Every line from the one containing "Bathroom 4, Klayman" to the one containing "Nowoczesna otwarta kuchnia" in the records below, both included, must be set down exactly, and no other line.

### ENTRIES PROVIDED
----
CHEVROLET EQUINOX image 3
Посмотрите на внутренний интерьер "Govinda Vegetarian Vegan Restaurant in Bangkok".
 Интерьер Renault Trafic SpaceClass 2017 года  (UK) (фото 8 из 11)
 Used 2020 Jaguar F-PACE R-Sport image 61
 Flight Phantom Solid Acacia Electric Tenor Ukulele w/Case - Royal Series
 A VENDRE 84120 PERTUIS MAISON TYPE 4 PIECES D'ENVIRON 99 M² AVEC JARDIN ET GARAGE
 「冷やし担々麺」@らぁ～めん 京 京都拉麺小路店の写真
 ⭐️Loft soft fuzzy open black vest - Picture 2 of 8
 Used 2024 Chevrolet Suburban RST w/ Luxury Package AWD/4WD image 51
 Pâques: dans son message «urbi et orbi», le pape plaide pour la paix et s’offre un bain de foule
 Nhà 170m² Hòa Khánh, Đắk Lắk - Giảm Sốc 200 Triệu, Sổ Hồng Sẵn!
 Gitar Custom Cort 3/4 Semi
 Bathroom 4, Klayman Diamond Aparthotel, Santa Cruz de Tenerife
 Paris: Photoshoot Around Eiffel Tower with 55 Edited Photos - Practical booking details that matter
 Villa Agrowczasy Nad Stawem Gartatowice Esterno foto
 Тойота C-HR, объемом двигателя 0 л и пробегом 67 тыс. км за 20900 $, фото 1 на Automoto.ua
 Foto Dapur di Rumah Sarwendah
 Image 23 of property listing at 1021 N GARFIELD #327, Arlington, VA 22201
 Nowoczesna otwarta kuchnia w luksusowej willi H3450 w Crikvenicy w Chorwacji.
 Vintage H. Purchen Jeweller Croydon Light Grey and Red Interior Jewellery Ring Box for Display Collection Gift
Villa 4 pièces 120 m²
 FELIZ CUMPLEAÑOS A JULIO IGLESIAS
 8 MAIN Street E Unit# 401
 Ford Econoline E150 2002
----
### SOLUTION TO THE EXERCISE
 Bathroom 4, Klayman Diamond Aparthotel, Santa Cruz de Tenerife
 Paris: Photoshoot Around Eiffel Tower with 55 Edited Photos - Practical booking details that matter
 Villa Agrowczasy Nad Stawem Gartatowice Esterno foto
 Тойота C-HR, объемом двигателя 0 л и пробегом 67 тыс. км за 20900 $, фото 1 на Automoto.ua
 Foto Dapur di Rumah Sarwendah
 Image 23 of property listing at 1021 N GARFIELD #327, Arlington, VA 22201
 Nowoczesna otwarta kuchnia w luksusowej willi H3450 w Crikvenicy w Chorwacji.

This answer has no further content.